Data =
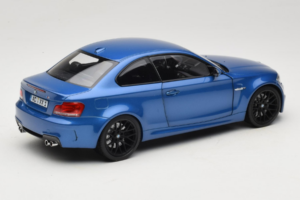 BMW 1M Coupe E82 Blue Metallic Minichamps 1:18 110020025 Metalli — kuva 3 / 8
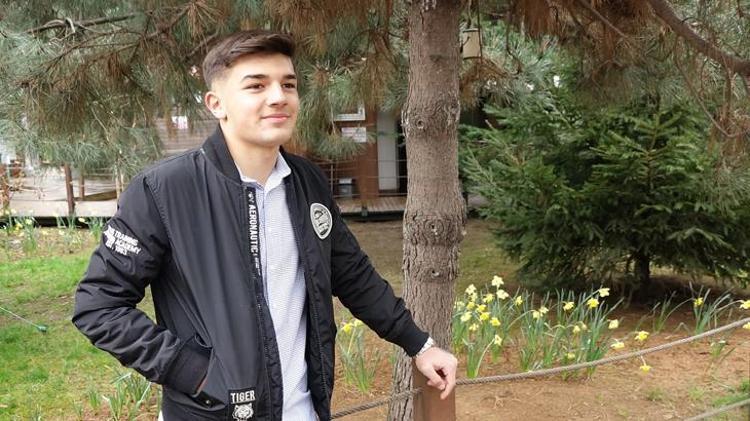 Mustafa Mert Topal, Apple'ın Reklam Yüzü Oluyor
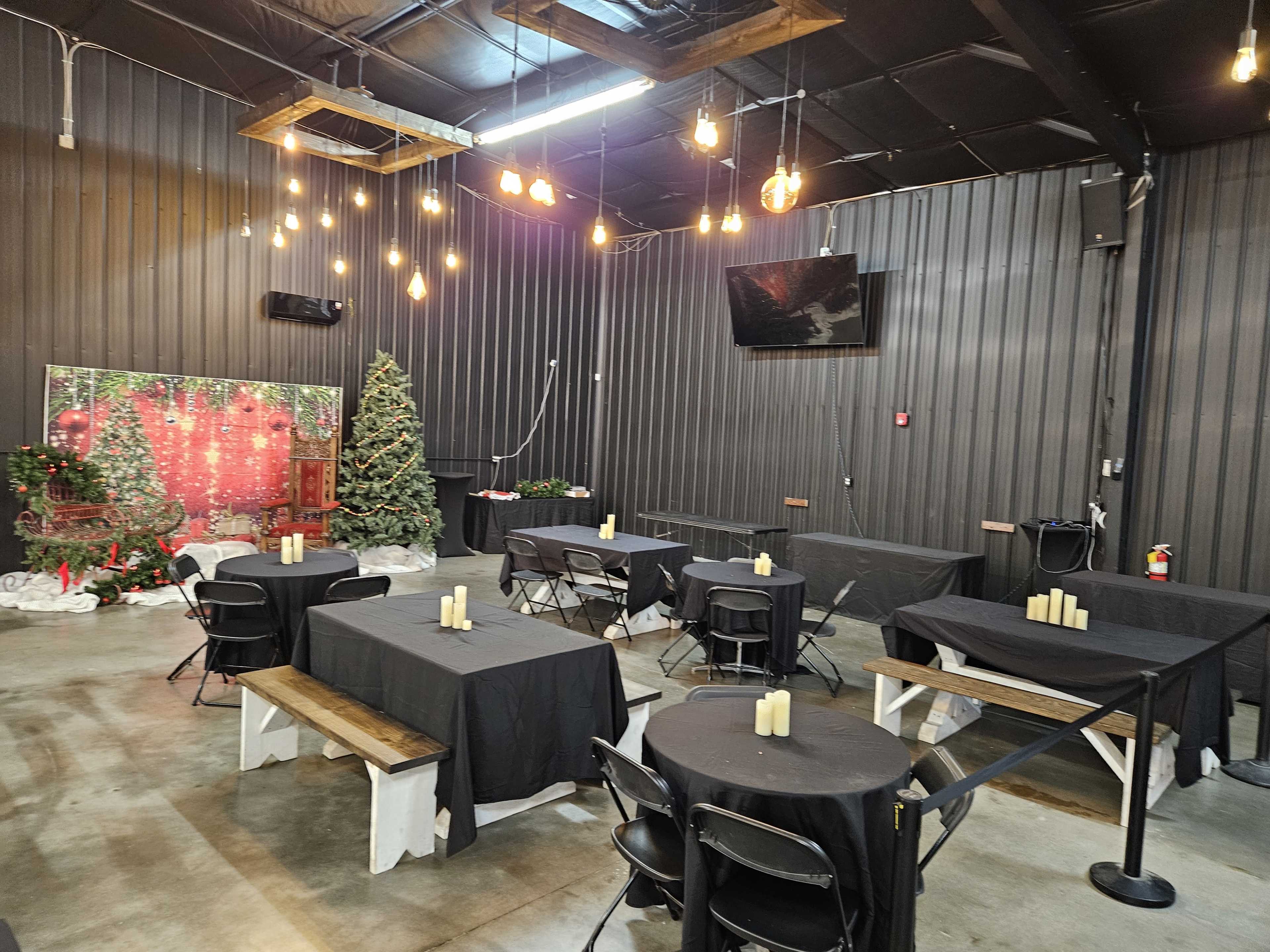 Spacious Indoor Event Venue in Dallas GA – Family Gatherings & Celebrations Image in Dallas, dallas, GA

---

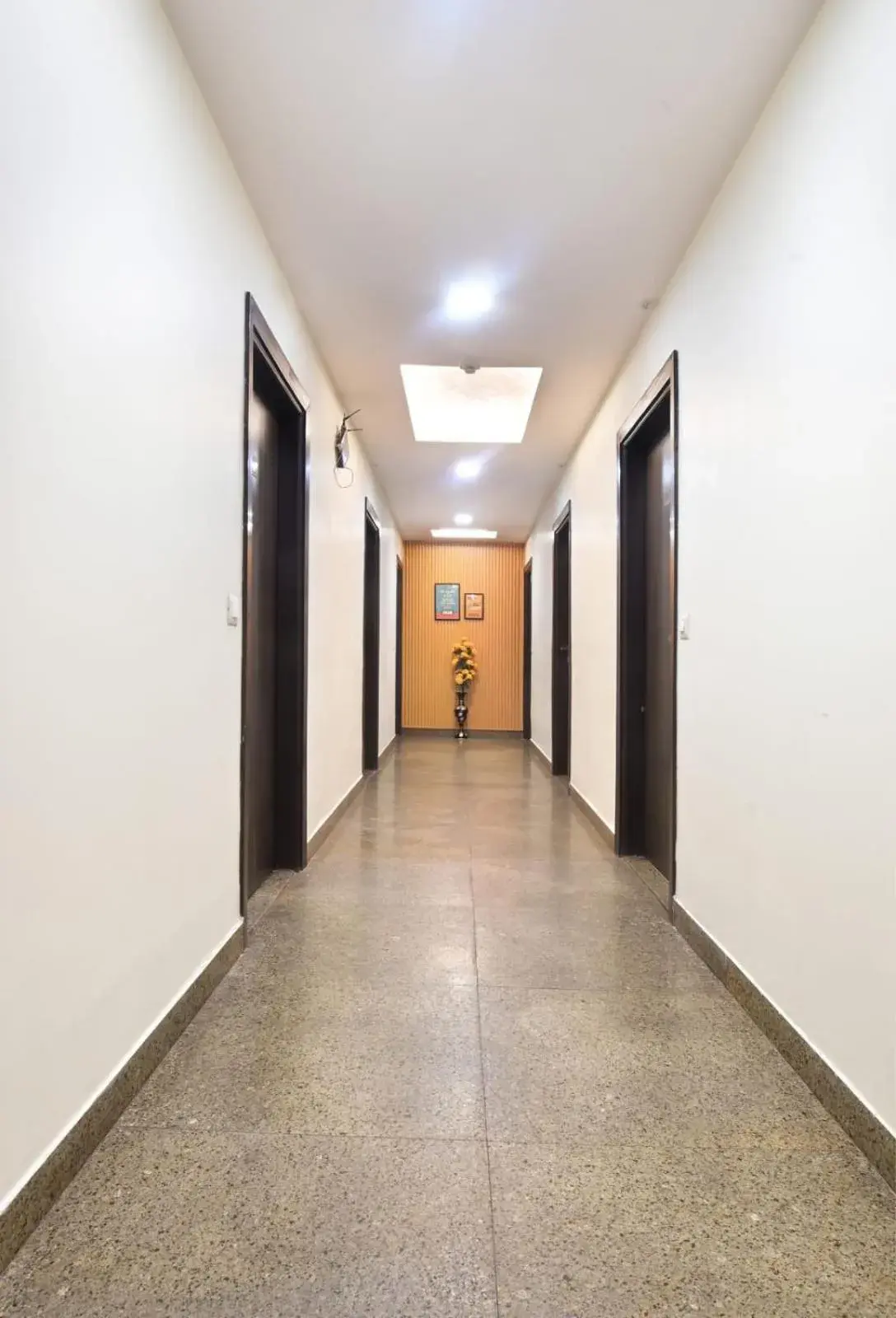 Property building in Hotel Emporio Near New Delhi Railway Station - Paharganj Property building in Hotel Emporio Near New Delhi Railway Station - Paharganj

Aim of the task = Within the material above, only the stretch from the line holding "Mustafa Mert Topal, Apple'ın" through the line holding "Spacious Indoor Event" is to be restated exactly. Pictures are dropped.

Response =
 Mustafa Mert Topal, Apple'ın Reklam Yüzü Oluyor
 Spacious Indoor Event Venue in Dallas GA – Family Gatherings & Celebrations Image in Dallas, dallas, GA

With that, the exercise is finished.